Forward P/E sits at roughly 23, with a base-case 1-year target of $483.97 and Wall Street’s mean target at $561.39, supported by 95% bullish analyst consensus with zero sell ratings.
The risk: capex reached $30.88 billion in the quarter, up 84% year-over-year, compressing free cash flow until AI monetization fully scales. The More Personal Computing segment also declined 1%. For long-duration holders, that is the price of building the next compute platform.
Visa
Visa (NYSE:V) is the toll booth on global commerce. The stock closed at $330.36, off 6% year-to-date, but the fundamentals tell a different story. Q1 FY26 delivered non-GAAP EPS of $3.17 against a $3.14 consensus on revenue of $10.90 billion, up 15%. Processed transactions hit 69.4 billion, cross-border ex-intra-Europe volume grew 11%, and data processing revenue jumped 17%.
Visa processes over 200 billion transactions annually and operates a near-duopoly with massive switching costs. CEO Ryan McInerney called it a “payments hyperscaler” in the Q1 call, and the capital return engine confirms the model: Visa repurchased about 11 million shares at an average of $342.13 with $21.1 billion still authorized, and declared a $0.670 quarterly dividend. The company has raised its dividend for 15-plus consecutive years.
Forward earnings imply a P/E near 28, with analyst consensus at 92% bullish and a target of $398.83. Earnings growth ran 36% year-over-year, and beta of 0.77 makes Visa a lower-volatility compounder.
The risk: Q1 carried a $707 million interchange MDL litigation provision, the latest in a recurring series. Regulatory scrutiny on interchange and competition from stablecoins and fintech rails remain structural overhangs, though neither has bent the volume curve yet.
Apple
Apple (NASDAQ:AAPL) trades at $295.28, up 8% year-to-date and 47% over the past year. The iPhone 17 super-cycle is doing exactly what bulls predicted. Q2 FY26 revenue hit $111.18 billion, up 17%, with EPS of $2.01 against a $1.94 estimate, the eighth consecutive quarterly beat.
iPhone revenue printed a March-quarter record at $56.99 billion, Services hit an all-time high of $30.98 billion, and every geographic segment grew double digits.
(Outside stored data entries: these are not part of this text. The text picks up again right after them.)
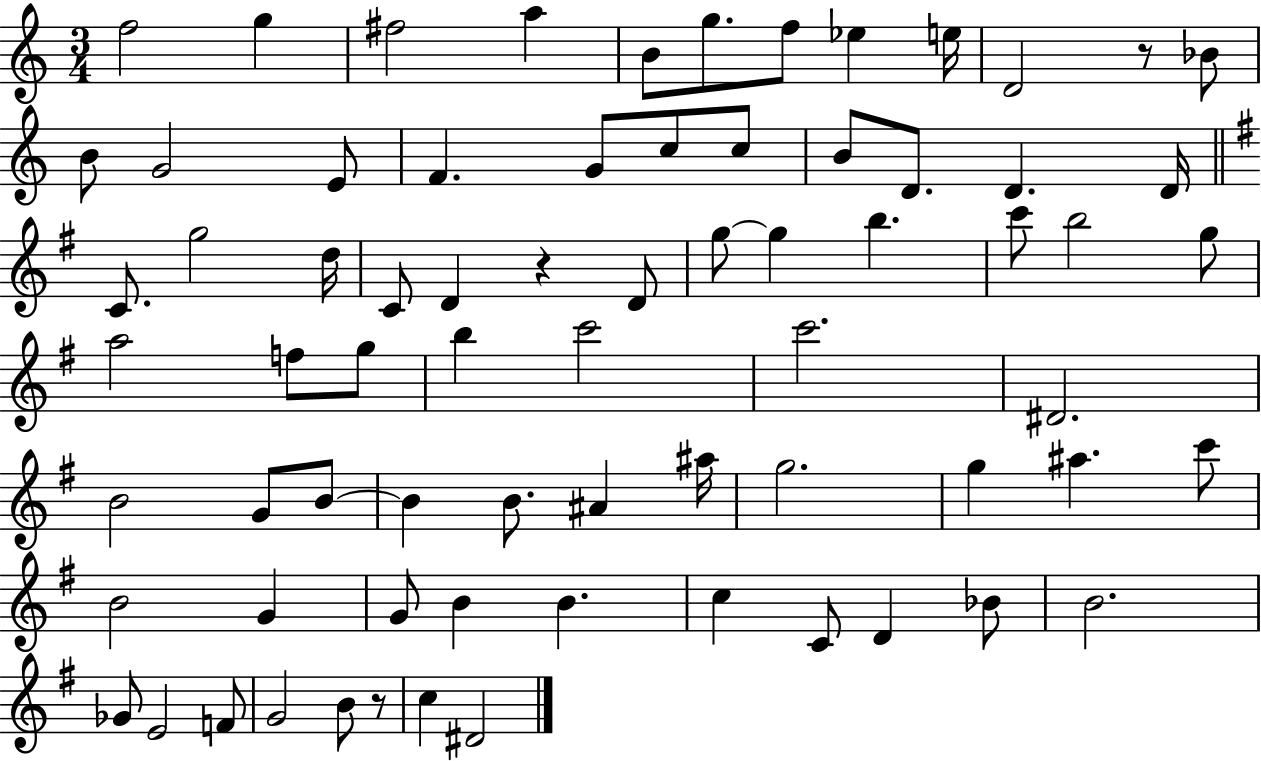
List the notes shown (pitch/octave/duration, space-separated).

F5/h G5/q F#5/h A5/q B4/e G5/e. F5/e Eb5/q E5/s D4/h R/e Bb4/e B4/e G4/h E4/e F4/q. G4/e C5/e C5/e B4/e D4/e. D4/q. D4/s C4/e. G5/h D5/s C4/e D4/q R/q D4/e G5/e G5/q B5/q. C6/e B5/h G5/e A5/h F5/e G5/e B5/q C6/h C6/h. D#4/h. B4/h G4/e B4/e B4/q B4/e. A#4/q A#5/s G5/h. G5/q A#5/q. C6/e B4/h G4/q G4/e B4/q B4/q. C5/q C4/e D4/q Bb4/e B4/h. Gb4/e E4/h F4/e G4/h B4/e R/e C5/q D#4/h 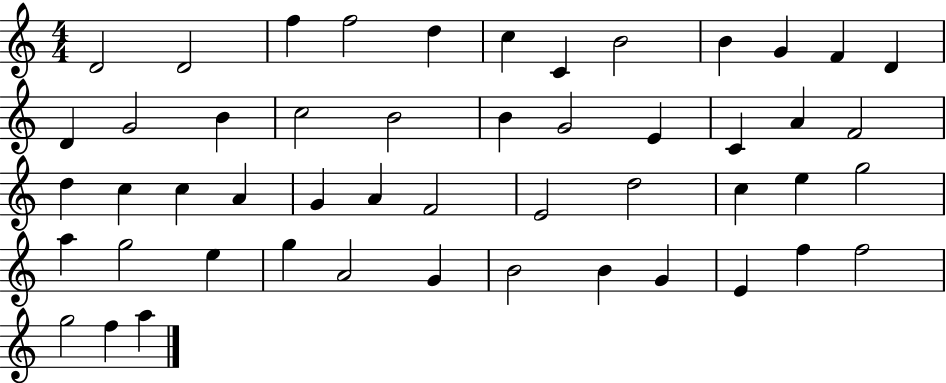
D4/h D4/h F5/q F5/h D5/q C5/q C4/q B4/h B4/q G4/q F4/q D4/q D4/q G4/h B4/q C5/h B4/h B4/q G4/h E4/q C4/q A4/q F4/h D5/q C5/q C5/q A4/q G4/q A4/q F4/h E4/h D5/h C5/q E5/q G5/h A5/q G5/h E5/q G5/q A4/h G4/q B4/h B4/q G4/q E4/q F5/q F5/h G5/h F5/q A5/q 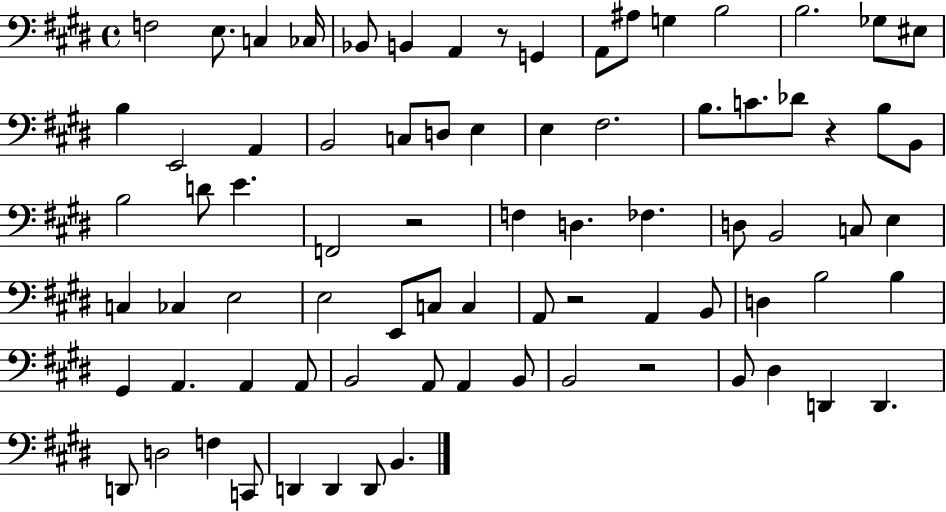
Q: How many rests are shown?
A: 5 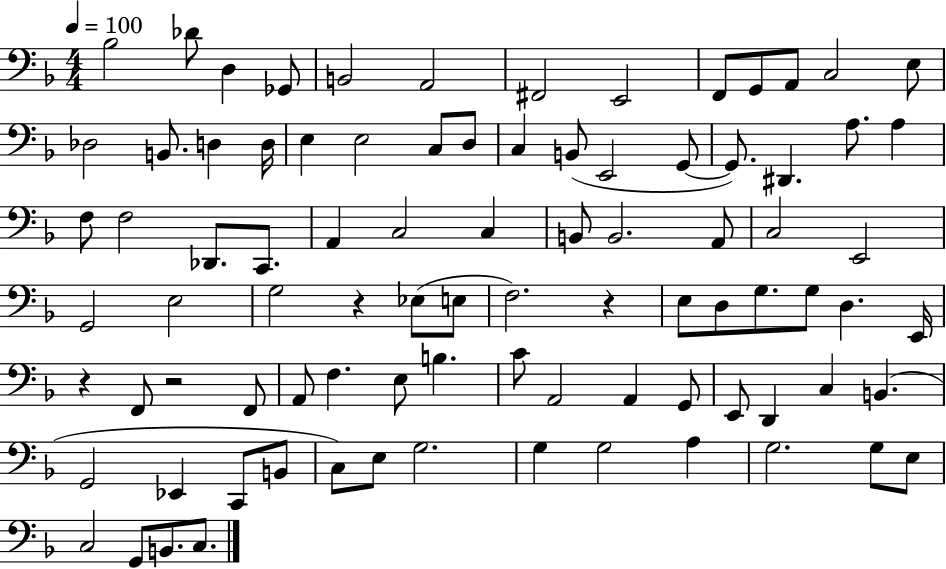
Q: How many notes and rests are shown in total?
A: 88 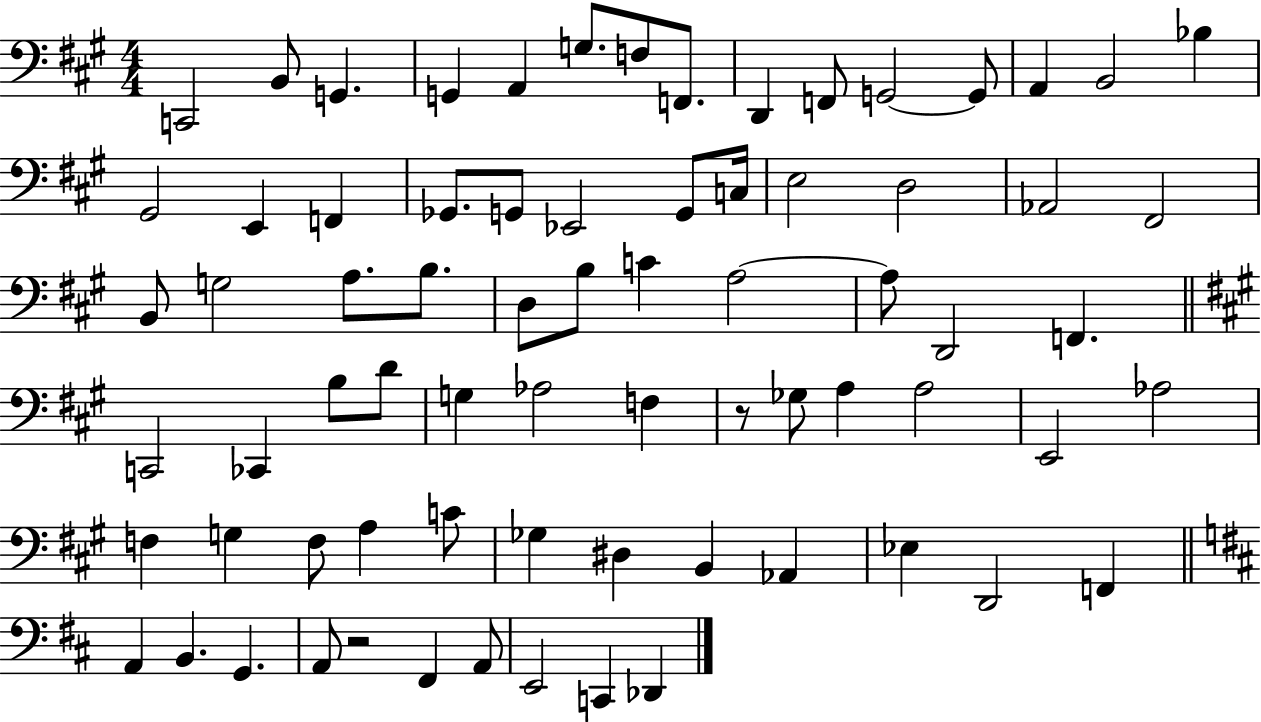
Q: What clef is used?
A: bass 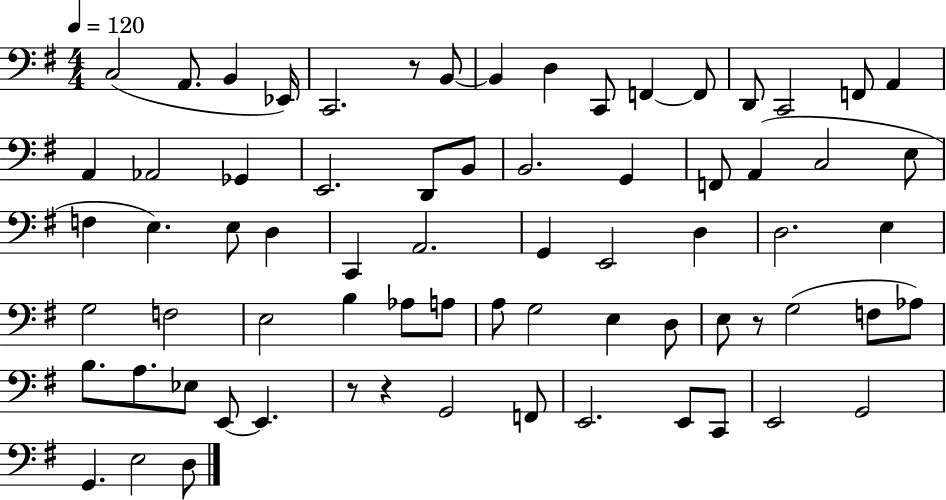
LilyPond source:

{
  \clef bass
  \numericTimeSignature
  \time 4/4
  \key g \major
  \tempo 4 = 120
  \repeat volta 2 { c2( a,8. b,4 ees,16) | c,2. r8 b,8~~ | b,4 d4 c,8 f,4~~ f,8 | d,8 c,2 f,8 a,4 | \break a,4 aes,2 ges,4 | e,2. d,8 b,8 | b,2. g,4 | f,8 a,4( c2 e8 | \break f4 e4.) e8 d4 | c,4 a,2. | g,4 e,2 d4 | d2. e4 | \break g2 f2 | e2 b4 aes8 a8 | a8 g2 e4 d8 | e8 r8 g2( f8 aes8) | \break b8. a8. ees8 e,8~~ e,4. | r8 r4 g,2 f,8 | e,2. e,8 c,8 | e,2 g,2 | \break g,4. e2 d8 | } \bar "|."
} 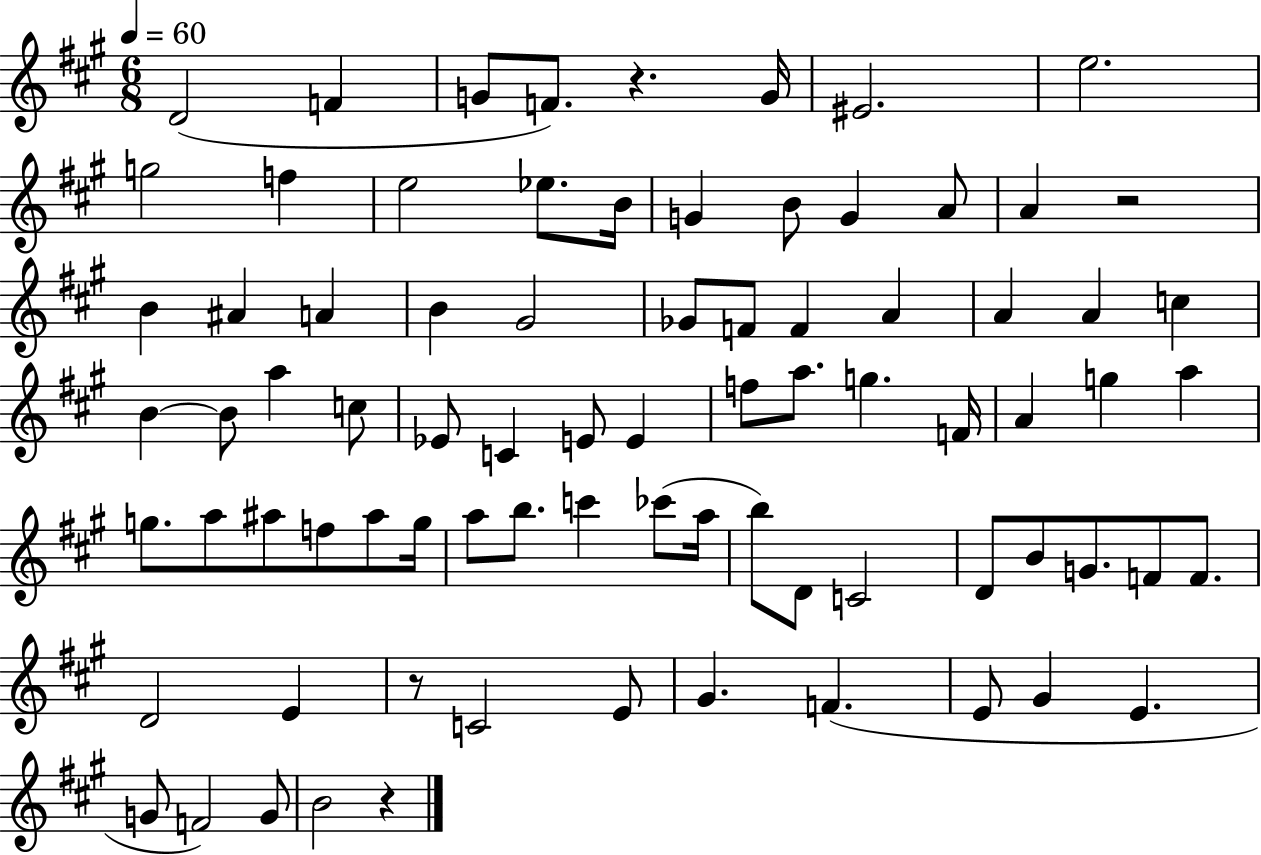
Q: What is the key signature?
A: A major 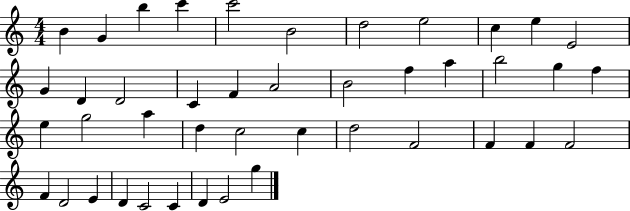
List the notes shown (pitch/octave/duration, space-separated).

B4/q G4/q B5/q C6/q C6/h B4/h D5/h E5/h C5/q E5/q E4/h G4/q D4/q D4/h C4/q F4/q A4/h B4/h F5/q A5/q B5/h G5/q F5/q E5/q G5/h A5/q D5/q C5/h C5/q D5/h F4/h F4/q F4/q F4/h F4/q D4/h E4/q D4/q C4/h C4/q D4/q E4/h G5/q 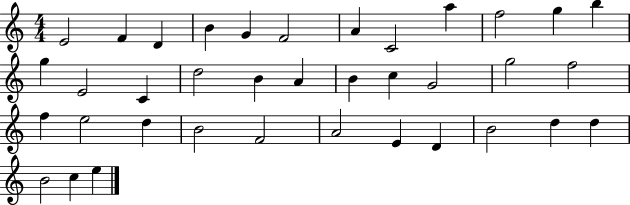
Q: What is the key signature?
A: C major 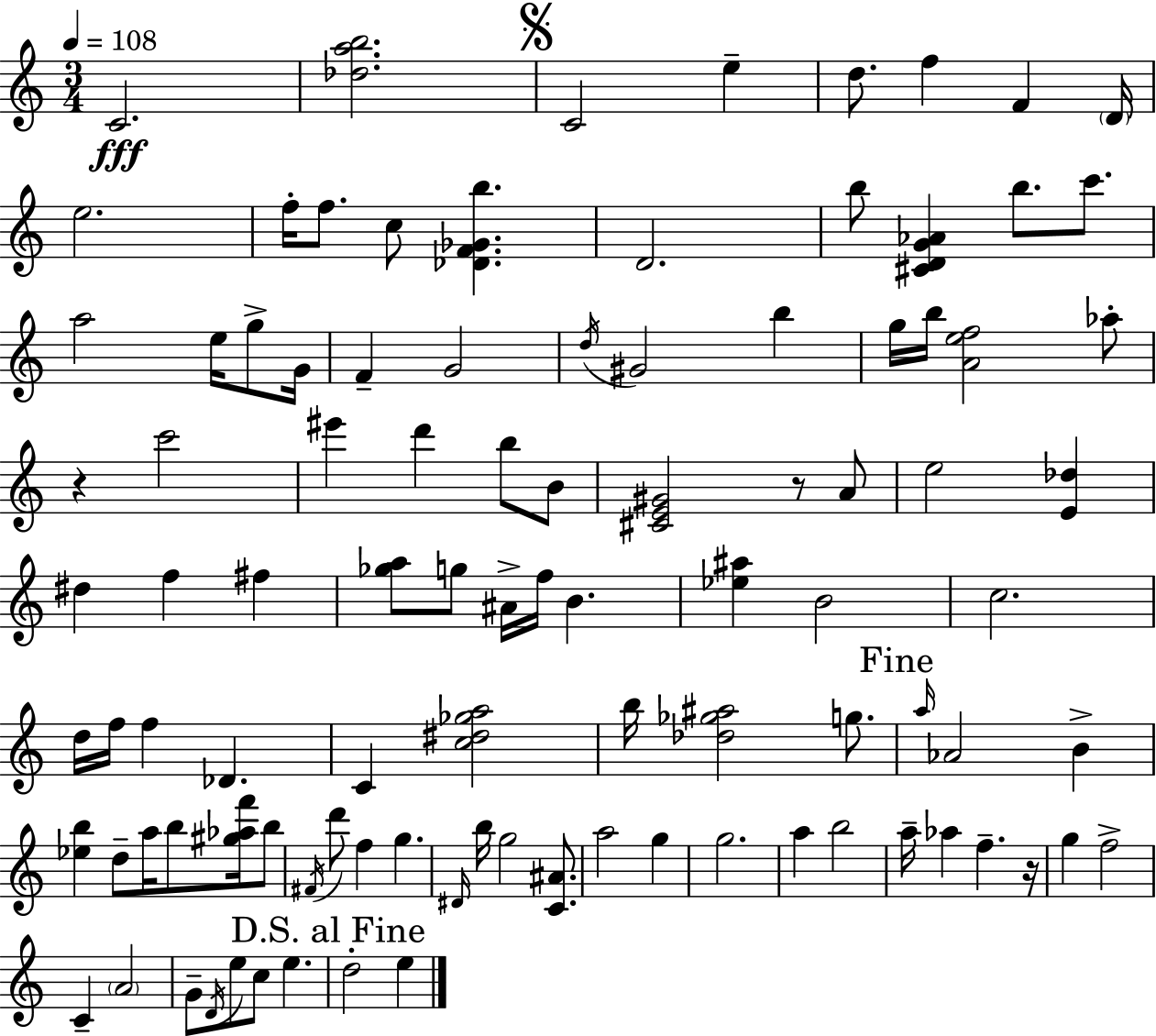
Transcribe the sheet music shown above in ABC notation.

X:1
T:Untitled
M:3/4
L:1/4
K:Am
C2 [_dab]2 C2 e d/2 f F D/4 e2 f/4 f/2 c/2 [_DF_Gb] D2 b/2 [^CDG_A] b/2 c'/2 a2 e/4 g/2 G/4 F G2 d/4 ^G2 b g/4 b/4 [Aef]2 _a/2 z c'2 ^e' d' b/2 B/2 [^CE^G]2 z/2 A/2 e2 [E_d] ^d f ^f [_ga]/2 g/2 ^A/4 f/4 B [_e^a] B2 c2 d/4 f/4 f _D C [c^d_ga]2 b/4 [_d_g^a]2 g/2 a/4 _A2 B [_eb] d/2 a/4 b/2 [^g_af']/4 b/2 ^F/4 d'/2 f g ^D/4 b/4 g2 [C^A]/2 a2 g g2 a b2 a/4 _a f z/4 g f2 C A2 G/2 D/4 e/2 c/2 e d2 e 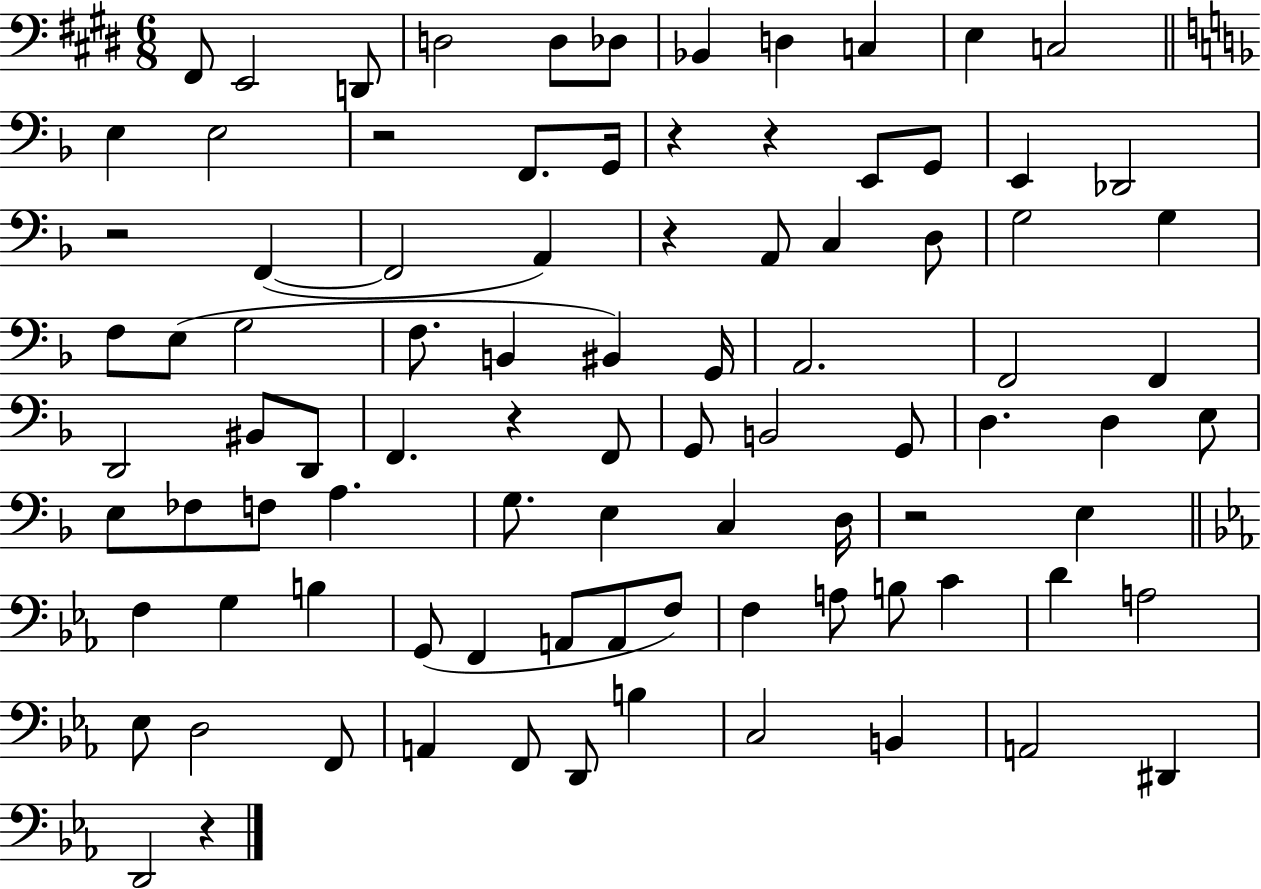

Tim Cook described it as the “best March quarter ever” driven by “extraordinary demand for the iPhone 17 lineup.” The installed base now exceeds 2.5 billion active devices, the high-margin Services flywheel that anchors the long-term thesis.
Capital return remains aggressive: management authorized a fresh $100 billion buyback and raised the dividend 4% to $0.27 per share. Apple generates over $100 billion in annual free cash flow and remained Berkshire Hathaway’s largest holding at 22% of the Q1 2026 portfolio per the 13F filed May 15, 2026.
The risk: at a P/E near 39, Apple is the most expensive of the three on trailing earnings, and the iPhone still accounts for roughly half of revenue. Tariff and component-concentration risk in China remains an unresolved variable, even as Greater China revenue reaccelerated to $25.53 billion.
What to Watch Into the Second Half
Three earnings cycles before year-end will tell investors whether the compounding thesis is intact: Microsoft’s Q4 print should clarify AI capex returns; Visa’s next quarter will test cross-border resilience as consumer spending normalizes; Apple’s September event and holiday quarter will determine how much of the iPhone 17 cycle has been pulled forward. The investing edge comes from owning the names through those windows, not trading around them.